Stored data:
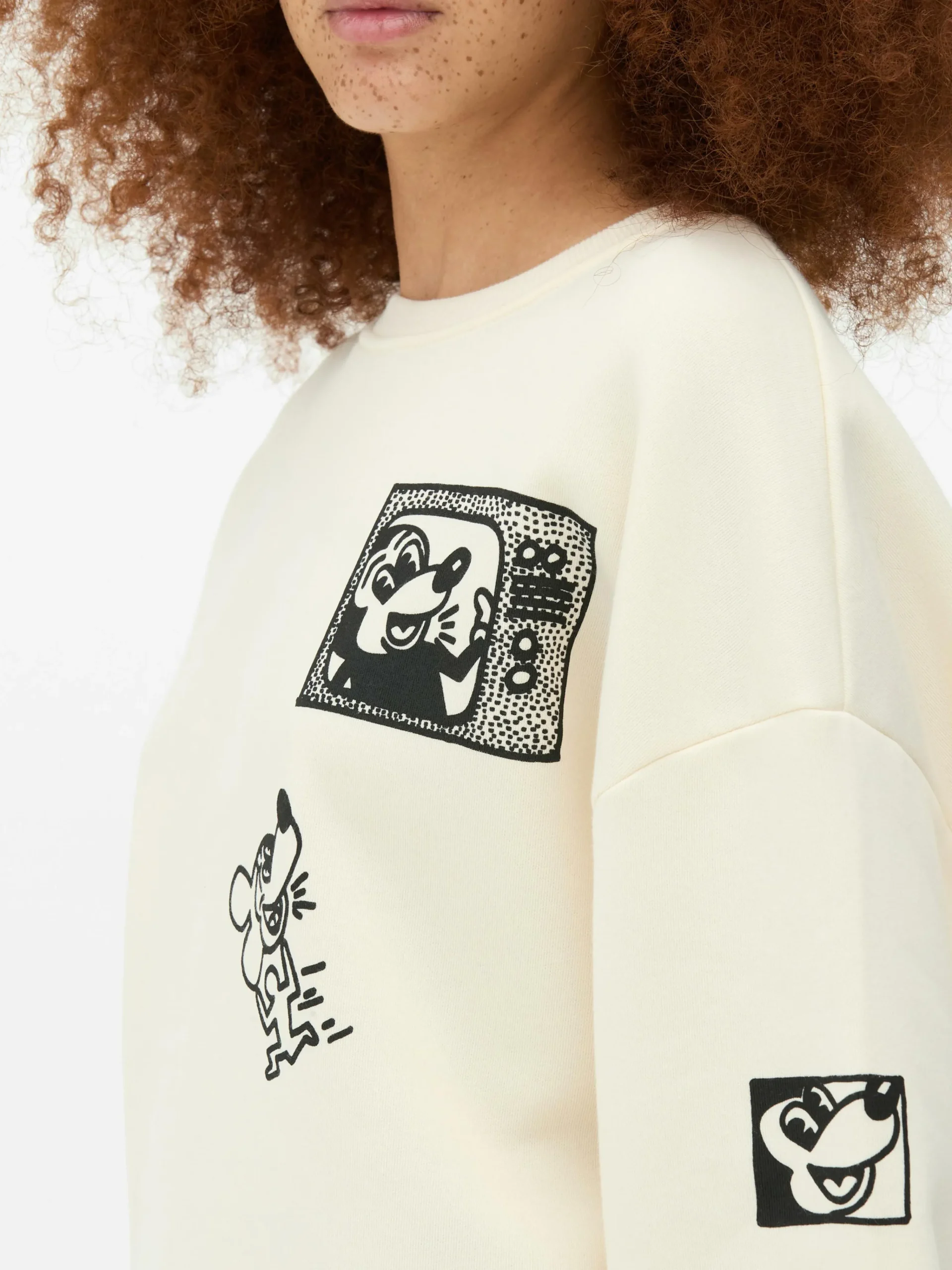 Disney’s Mickey Mouse X Keith Haring Sweatshirt|Primark Online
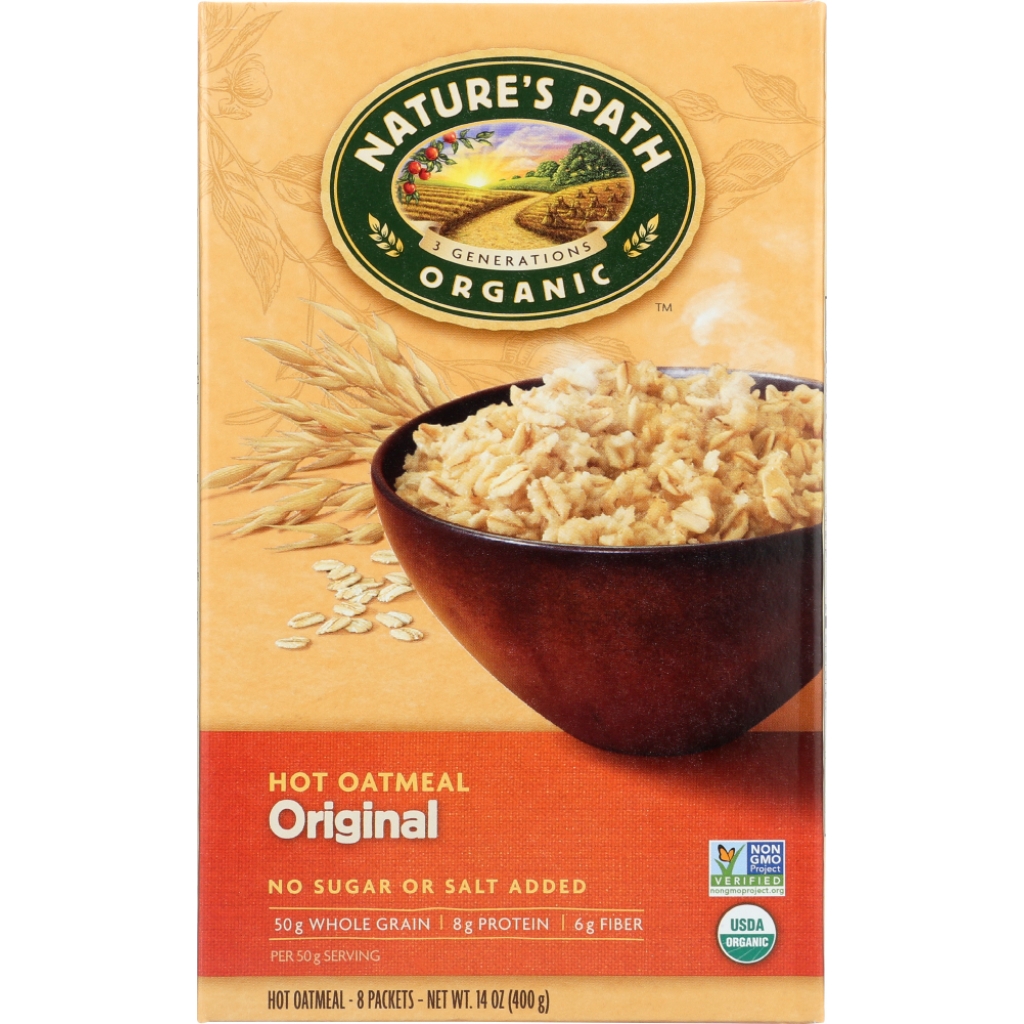 Organic Instant Hot Oatmeal Original - 8 Packets - 14 oz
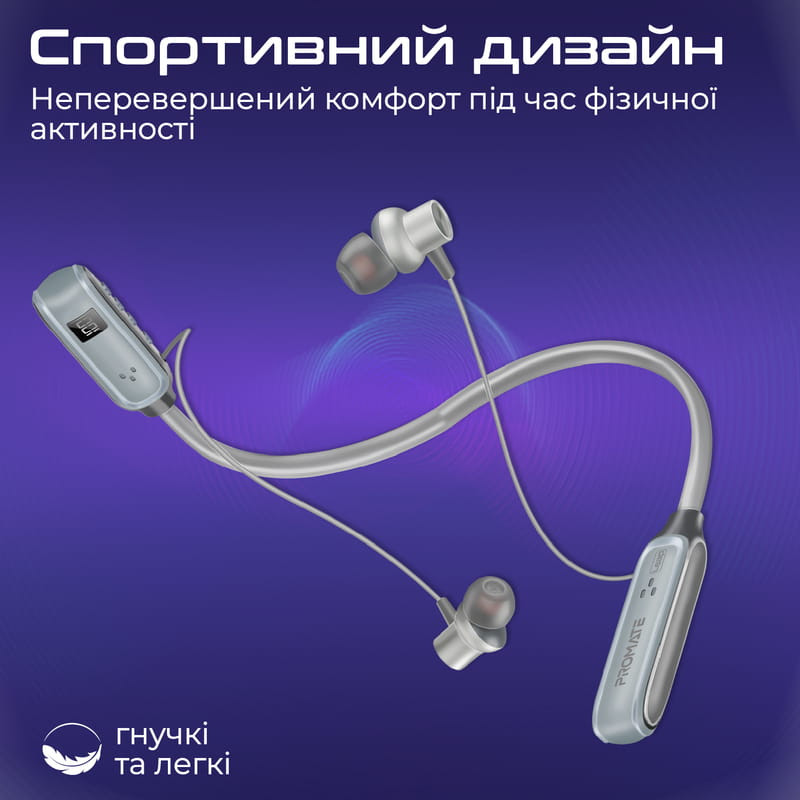 Bluetooth-гарнитура Promate Leap Silver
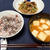 【一汁一菜】挽肉と野菜の炒め物と豆腐の味噌汁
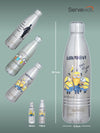 Servewell Indus - 750ml (Minions) Steel SS Vacuum Bottle  (Set of 1pcs)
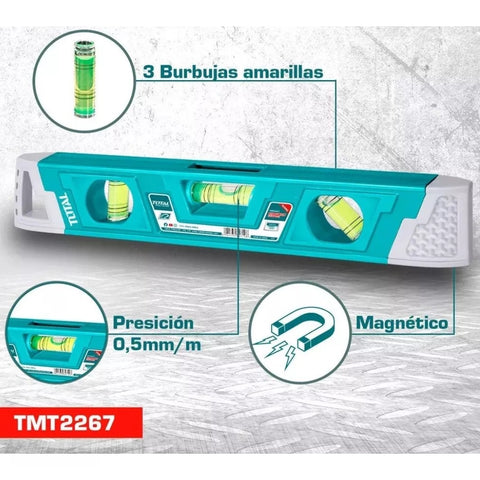 Total Nivel de Aluminio Torpedo MAG 10", TMT2267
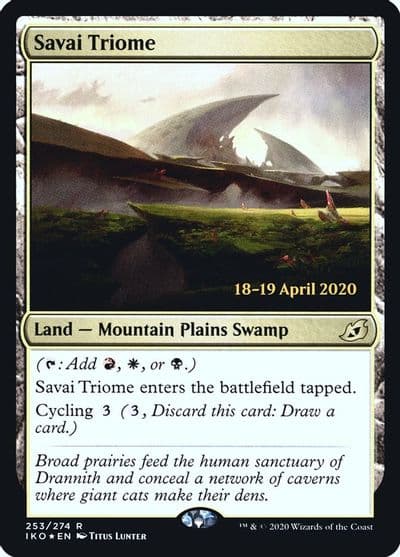 Savai Triome Prerelease Cards Magic card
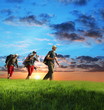 Hike on sunset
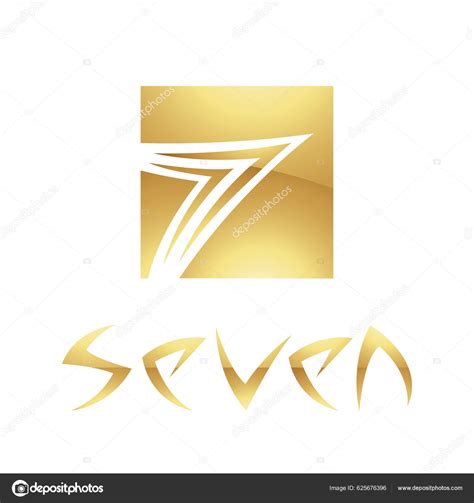 Golden Symbol Number White Background Icon Stock Vector by ©cidepix ...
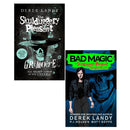 Skulduggery Pleasant Derek Landy Collection 2 Books Set (The Skulduggery Pleasant Grimoire, Bad Magic)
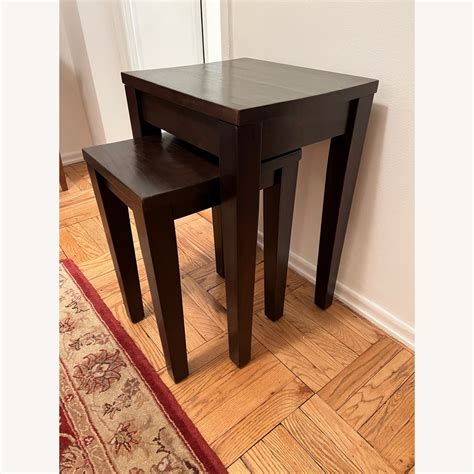 Pottery Barn Wood Nesting Tables - AptDeco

_AIM OF THE TASK_
Could each line of the data be written out exactly, with no pictures included?

_WRITTEN ANSWER_
 Disney’s Mickey Mouse X Keith Haring Sweatshirt|Primark Online
 Organic Instant Hot Oatmeal Original - 8 Packets - 14 oz
 Bluetooth-гарнитура Promate Leap Silver
 【一汁一菜】挽肉と野菜の炒め物と豆腐の味噌汁
 Servewell Indus - 750ml (Minions) Steel SS Vacuum Bottle  (Set of 1pcs)
 Total Nivel de Aluminio Torpedo MAG 10", TMT2267
 Savai Triome Prerelease Cards Magic card
 Hike on sunset
 Golden Symbol Number White Background Icon Stock Vector by ©cidepix ...
 Skulduggery Pleasant Derek Landy Collection 2 Books Set (The Skulduggery Pleasant Grimoire, Bad Magic)
 Pottery Barn Wood Nesting Tables - AptDeco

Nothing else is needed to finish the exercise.